Please print, exactly, only the lines in the entries below from the line that has "Möbellack 3in1 - Zementgrau RAL 7033" through the line that has "شاه نشین سنتی". Pictures don't go in.

Image-caption web data

# # #

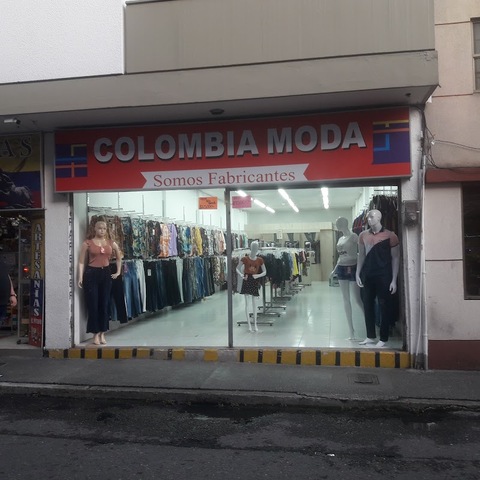 Almacén de ropa en pereira Colombia moda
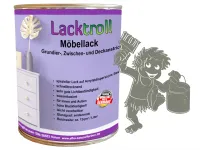 Möbellack 3in1 - Zementgrau RAL 7033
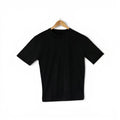 Remera Vosse Essential - Negra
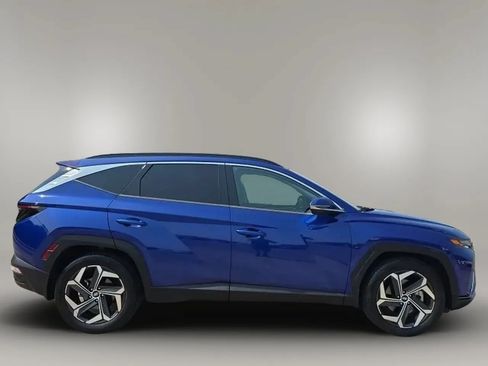 Used 2022 Hyundai Tucson Limited FWD image 9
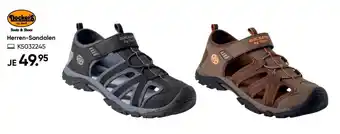 Galeria Docker's Herren-Sandalen Angebot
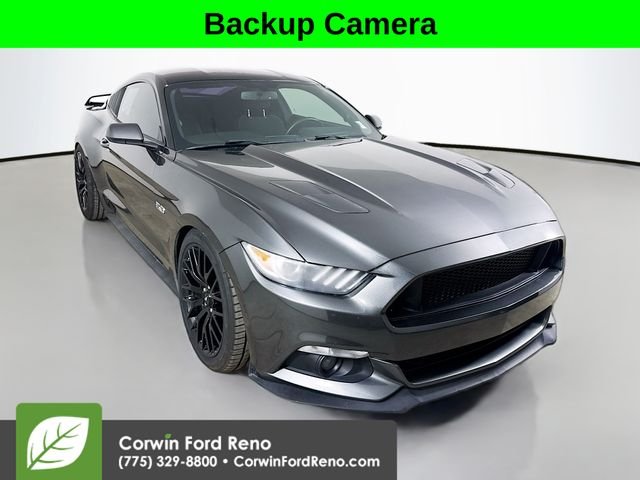2016 Ford Mustang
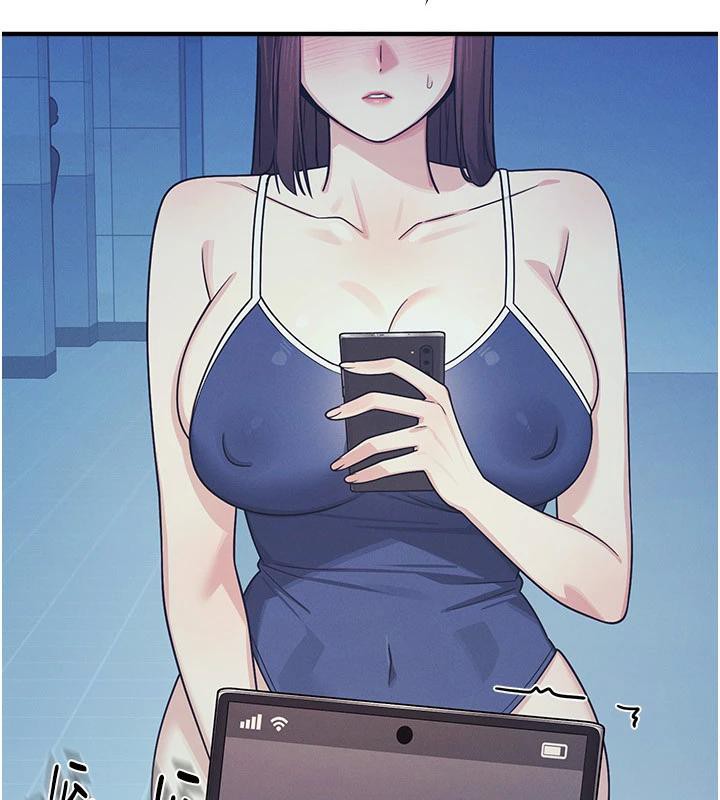 《羞恥課堂》漫画 第7話-在保健室幫學生尻的老師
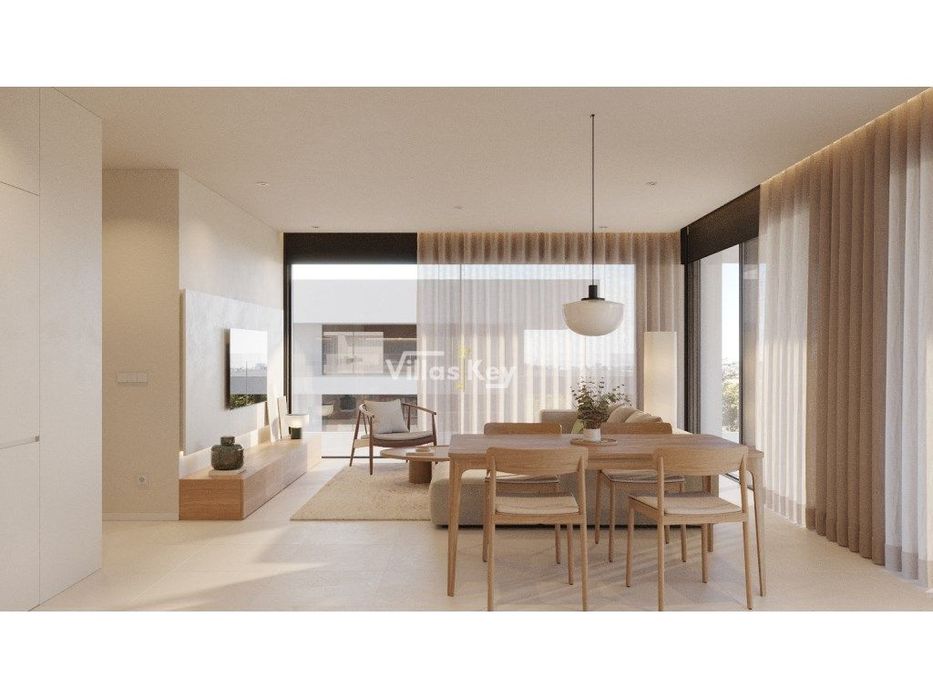 Apartamentos de luxo com vista mar próximos do centro de lagos e da...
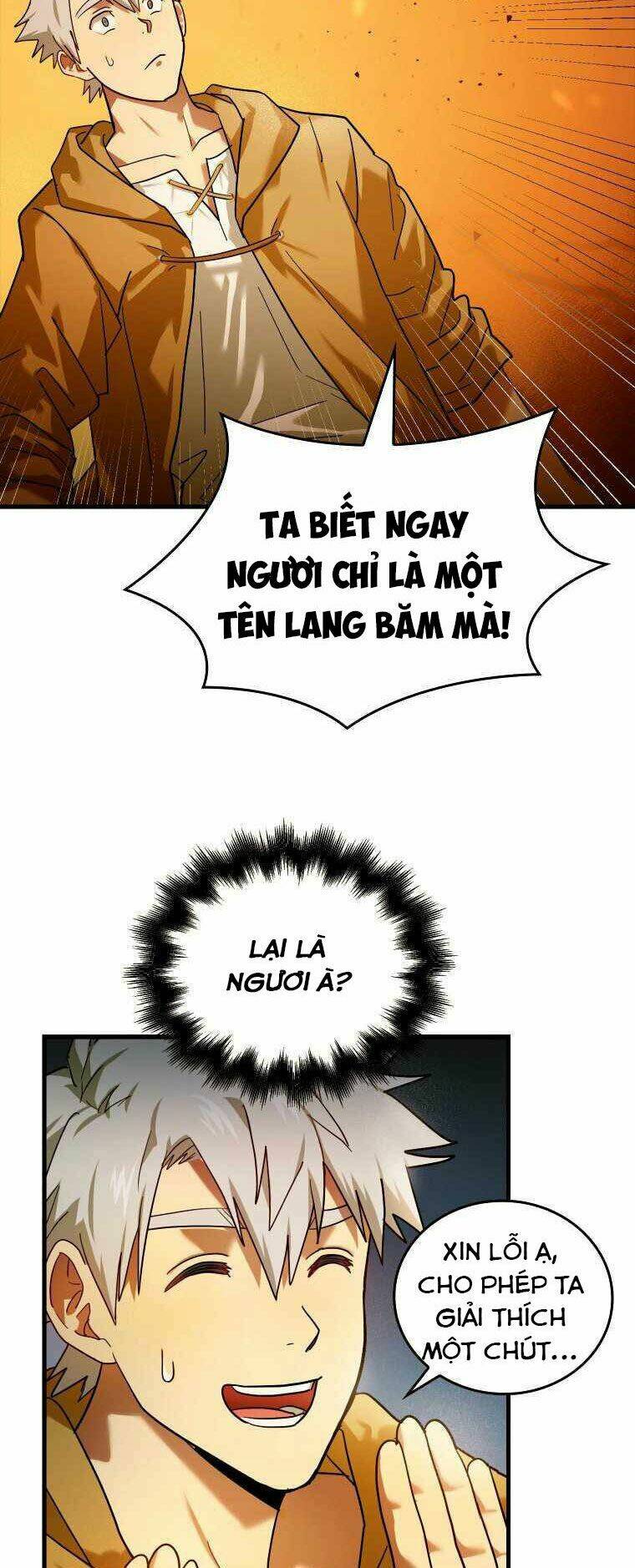 Thánh Cái Khỉ gì Đây Là Sức Mạnh Của Y Học Hiện Đại - Chapter 5 - Page 52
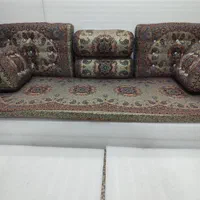 شاه نشین سنتی طرح یلدا|پشتی|قم, نیروگاه|دیوار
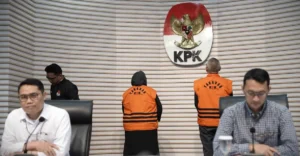 KPK Tahan Dua Pejabat Eks Pertamina Terkait Kasus LNG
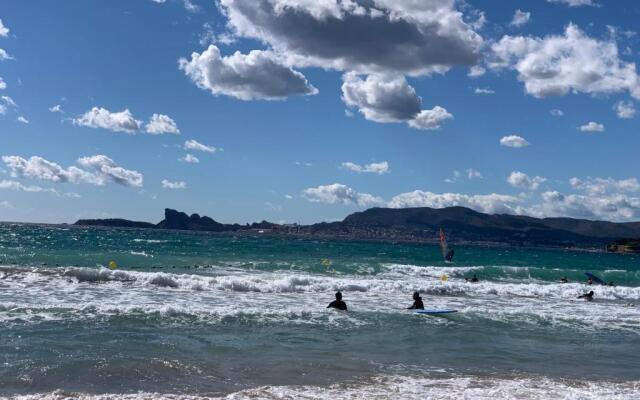 T3 tout confort PLAGE A 20 METRES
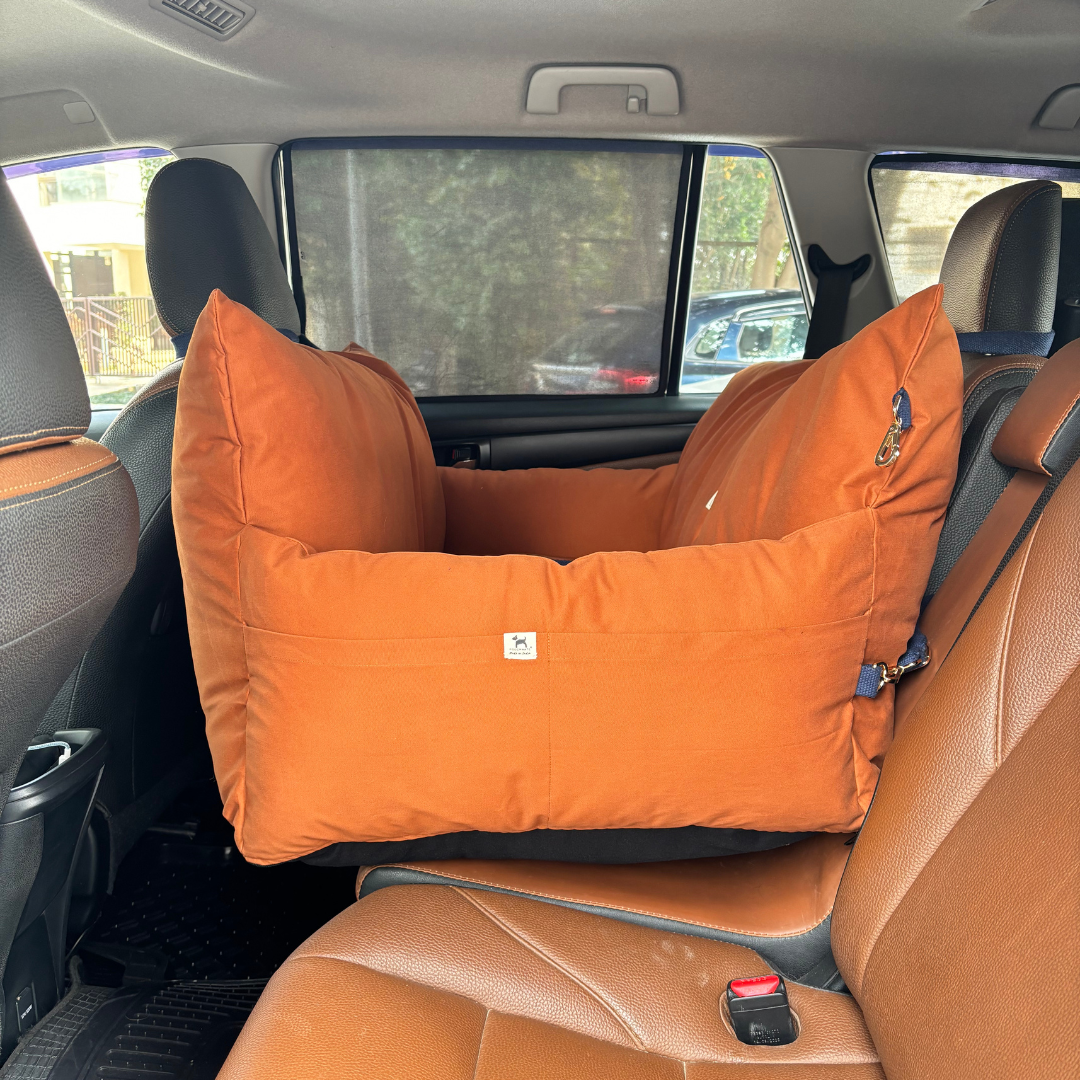 Travel Dog Beds | Car Seats for small dogs Dubai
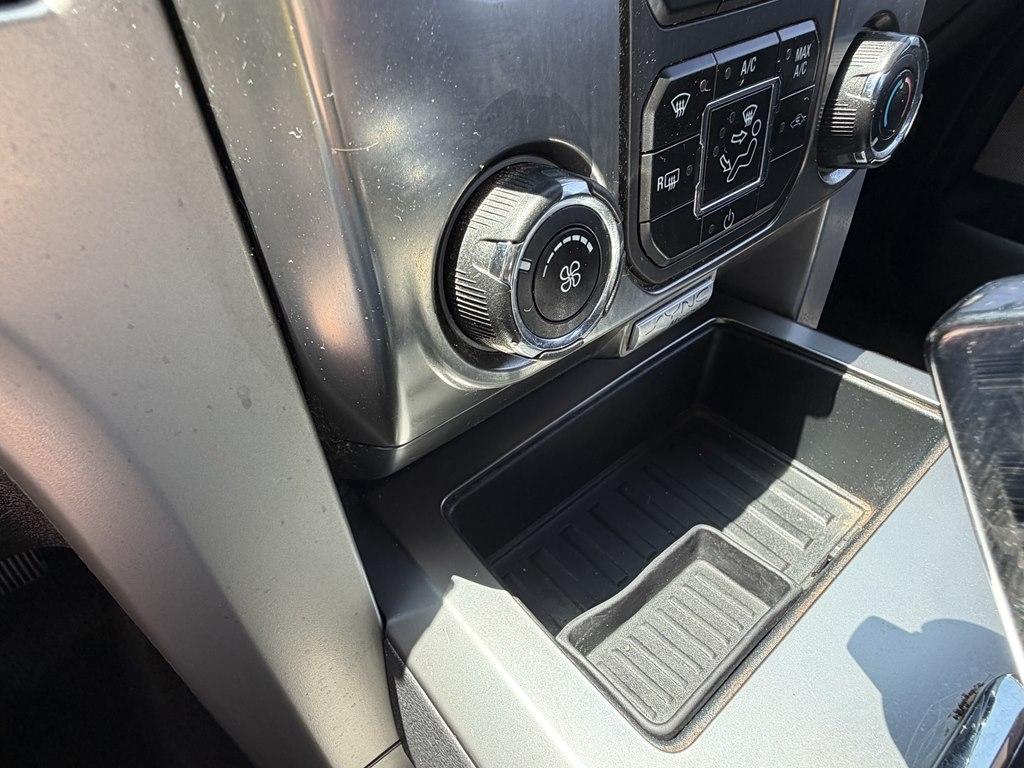Ford F-150 4WD SuperCab 163" XL 2014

# # #

§ RESULT OF THIS TASK:
 Möbellack 3in1 - Zementgrau RAL 7033
 Remera Vosse Essential - Negra
 Used 2022 Hyundai Tucson Limited FWD image 9
 Galeria Docker's Herren-Sandalen Angebot
2016 Ford Mustang
 《羞恥課堂》漫画 第7話-在保健室幫學生尻的老師
 Apartamentos de luxo com vista mar próximos do centro de lagos e da...
 Thánh Cái Khỉ gì Đây Là Sức Mạnh Của Y Học Hiện Đại - Chapter 5 - Page 52
 شاه نشین سنتی طرح یلدا|پشتی|قم, نیروگاه|دیوار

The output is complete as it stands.